11

given the following structure:

oz123@debian:~/ $ tree .
.
├── a
│   ├── a1
│   ├── a2
│   └── a3
├── a1
│   ├── a11
│   ├── a12
│   └── a31
├── b
│   └── b1
│       ├── b11
│       │   └── b21
│       │       └── b31
│       ├── b12
│       └── b3
└── c

16 directories, 0 files

How do I find all the end nodes?

I found the following solutions which seems to be good, but I have to proof that there is not test case which will fail it.

The help page of the -links states:

You can also search for files that have a certain number of links, with ‘-links’. Directories normally have at least two hard links; their . entry is the second one. If they have subdirectories, each of those also has a hard link called .. to its parent directory. The . and .. directory entries are not normally searched unless they are mentioned on the find command line.

possible solution:

oz123@debian:~/ $ find .  -type d  -links 2
./a/a2
./a/a3
./a/a1
./c
./a1/a31
./a1/a11
./a1/a12
./b/b1/b12
./b/b1/b3
./b/b1/b11/b21/b31
  • Can anyone provide a better solution (without using pipes and sed, this has be performant ...)
  • Will it work on any filesystem?
oz123
  • 517

4 Answers4

4

There is a bit more obvious option -empty:

find . -type d -empty

upd. Ok, you're right this way won't work with files in dirs.

So here it is a fixed file system undependable version:

find dtest/ -type d -exec sh -c "if [ \$(find {} -maxdepth 1 -type d | wc -l) -eq 1 ]; then echo {} ; fi" \;
rush
  • 27,403
3

As an addition to your own solution with -links, I want to just add that it will not work on filesystems that do not follow the Unix directory-link convention. From man find on option -noleaf these are at least CD-ROM, MS-DOS filesystems and AFS volume mount points.

For a reference, this question was already discussed with different solutions which are indeed slower and usually resort to piping to sed / awk and similar.

1

find . -type d -links 2 works on most filesystems, but not all.
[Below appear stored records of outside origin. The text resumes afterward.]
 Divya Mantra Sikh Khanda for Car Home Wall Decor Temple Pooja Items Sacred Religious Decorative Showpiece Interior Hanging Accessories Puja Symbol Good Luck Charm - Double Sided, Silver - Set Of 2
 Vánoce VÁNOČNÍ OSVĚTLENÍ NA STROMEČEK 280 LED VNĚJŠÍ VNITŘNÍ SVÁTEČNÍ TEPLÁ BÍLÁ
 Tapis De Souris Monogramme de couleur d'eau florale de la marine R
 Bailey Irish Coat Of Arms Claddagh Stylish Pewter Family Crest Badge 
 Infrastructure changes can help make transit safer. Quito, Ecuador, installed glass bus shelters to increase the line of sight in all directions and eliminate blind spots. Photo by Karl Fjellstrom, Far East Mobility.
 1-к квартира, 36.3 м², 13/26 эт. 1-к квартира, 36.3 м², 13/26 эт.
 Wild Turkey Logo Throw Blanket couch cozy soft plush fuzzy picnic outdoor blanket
I don't think there's a way to know other than knowing which filesystem types have the property that directories contain a link to themselves. GNU find detects this dynamically (if it prints something out about “Automatically turning on find's -noleaf option”, you know your filesystem doesn't have this property). Most common filesystem types are ok, but not FAT or btrfs.

If you want to be sure, you'll have to test each directory. One way to do this is to invoke find again for each subdirectory.
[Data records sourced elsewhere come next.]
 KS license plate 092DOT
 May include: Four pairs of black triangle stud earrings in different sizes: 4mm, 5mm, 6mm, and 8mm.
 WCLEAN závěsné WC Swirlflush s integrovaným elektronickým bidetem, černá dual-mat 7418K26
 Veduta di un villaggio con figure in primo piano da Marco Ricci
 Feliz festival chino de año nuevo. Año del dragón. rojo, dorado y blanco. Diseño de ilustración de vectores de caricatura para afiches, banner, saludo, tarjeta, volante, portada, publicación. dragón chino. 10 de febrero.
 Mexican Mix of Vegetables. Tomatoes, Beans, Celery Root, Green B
find . -type d ! -exec sh -c '
   find "$1/." ! -name . -type d -prune | grep -q "^"' sh {} \; -print

(with GNU find, you can replace -prune with -print -quit to make it a bit more efficient).

Another way is to post-process the output of find. With find -depth, a leaf directory is one that does not follow a subdirectory of itself.

find . -depth -type d -print0 |
awk -v RS='\0' '
    substr(previous, 1, length($0) + 1) != $0 "/"
    { previous = $0 }
'
0

Try the following solution (should be Linux, Unix and OS X compatible):

find . -type d -execdir sh -c 'test -z "$(find "{}" -mindepth 1 -type d)" && echo $PWD/{}' ';'

It's similar approach to rush solution, but without any pipes.